Because the cutting (I don’t have rotary cutters) was far from perfect I ensured all the tailors tacks were in. I find working to these is much more accurate than following the cutting line on unstable fabrics. So I got around this problem.
However I used ordinary basting thread and maybe it was a little heavy. Some books suggest marking with silk basting thread but I didn’t have any. For an experiment I tried ordinary silk thread too – it was nice and light but it didn’t really hold as well as traditional basting thread – which went in and came out easily enough – I used a small, fine, sharp hand sewing needle.
I used black silk organza as interfacing as everyone suggested and this worked perfectly.
The lace I used was the brown stuff I had bought. I do think black would have looked good actually, but what I did was stitch two pieces of brown lace together with a tiny zig zag onto a piece of black organza, using dark brown thread.
Before I started I research how to sew chiffon and asked for tips from you.

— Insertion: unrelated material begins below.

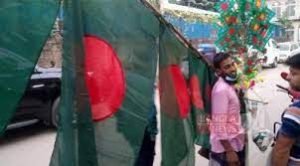 download 2022 03 29T155015.260 বিজয়ের মাসে লাল-সবুজের ফেরিওয়ালা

Then I made a few samples to check how things would work. The French seams worked well, as did the organza interfacing. By using a nice new sharp needle (I only had an 11, although 9 was suggested), and good quality Gutermann polyester thread, I found the stitching uneventful. Thankfully I didn’t find my fabric being “pulled down the hole” as numerous people had warned.
Conversely I had an enormous problem with the lace, mainly because I didn’t really understand how to make a mitred corner. To cut a long story short, I attached the lace to the yoke assuming the mitred corners would be put in before it was attached to the bodice. Actually you have to mitre the lace first, then attach it. So I tried to detach it, but the tiny zig zag, the lace and chiffon refused to comply so I just chopped off the lace, threw out the yoke and remade a new one. I then had to remove all the stitching from the lace before I could start again. Long, tedious job.
I also prepared the sleeves. These are gathered into interfaced cuffs, and have a button-hole in them. When I tried them on I was dismayed because they were too tight. I do a bit of weight training and I immediately worried my biceps were overdeveloped. I wondered if in 1959 ladies had tiny upper arms. Eventually I twigged that the yoke means the shoulder seams are dropped and the sleeves will fit much lower down than I had anticipated. Phew!
I am avoiding attaching the lace, and doing the button holes. I am nervous. I will update you in a few days when I have tackled them.